[Data section]

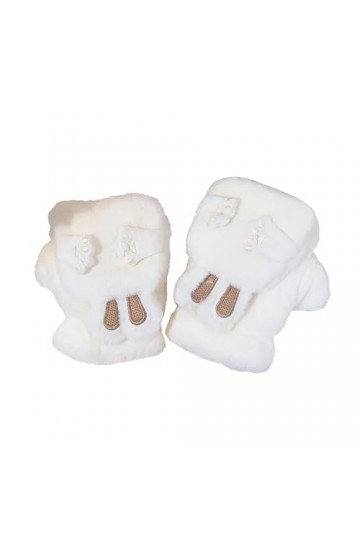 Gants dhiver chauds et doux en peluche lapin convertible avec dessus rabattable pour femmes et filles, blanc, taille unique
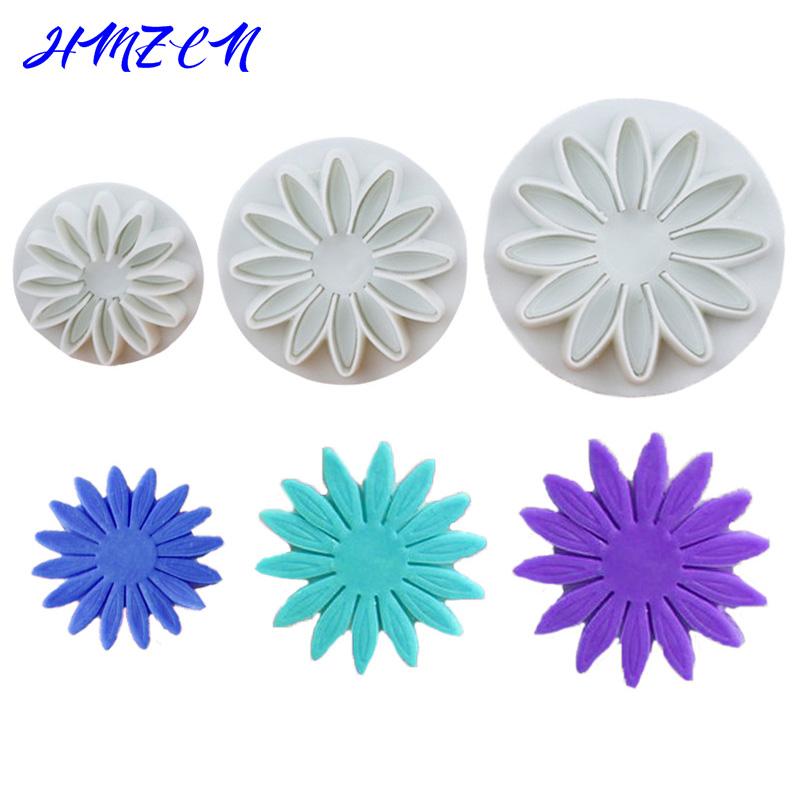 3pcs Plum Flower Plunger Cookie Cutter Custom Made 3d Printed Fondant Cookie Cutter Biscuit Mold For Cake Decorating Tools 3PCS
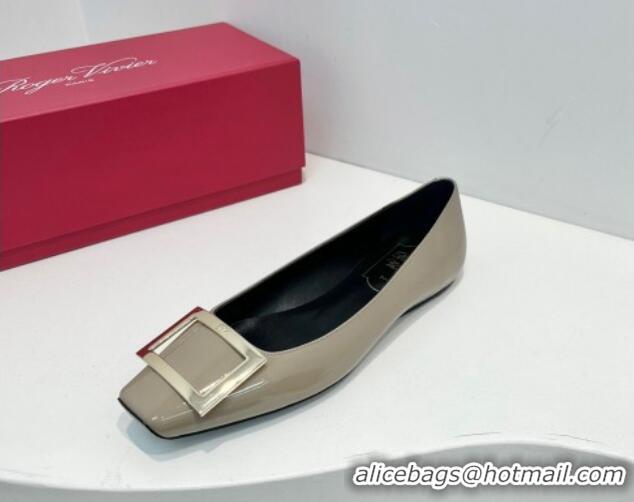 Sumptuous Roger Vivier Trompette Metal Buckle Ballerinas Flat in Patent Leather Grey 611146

[/Data section]
[Data section]

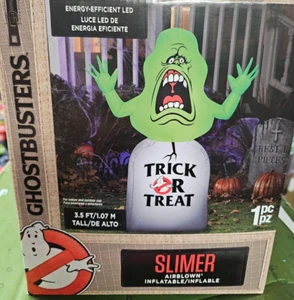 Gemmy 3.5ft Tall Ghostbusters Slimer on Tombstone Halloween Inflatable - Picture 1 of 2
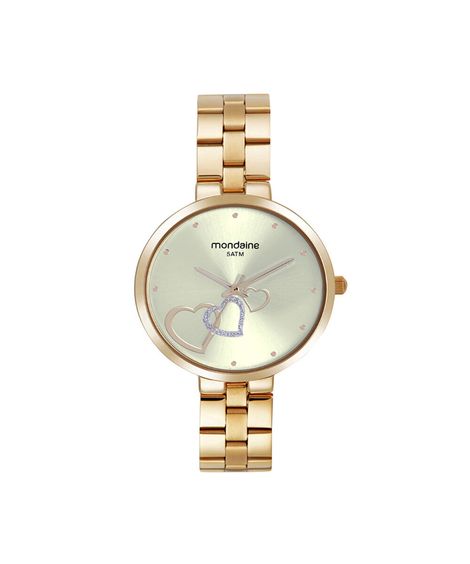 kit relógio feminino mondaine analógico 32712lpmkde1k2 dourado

[/Data section]

■ What the task asks
Set down exactly the lines above, from the line containing "Gants dhiver chauds" through the line containing "3pcs Plum Flower". Skip the pictures.

■ Exercise response
 Gants dhiver chauds et doux en peluche lapin convertible avec dessus rabattable pour femmes et filles, blanc, taille unique
 3pcs Plum Flower Plunger Cookie Cutter Custom Made 3d Printed Fondant Cookie Cutter Biscuit Mold For Cake Decorating Tools 3PCS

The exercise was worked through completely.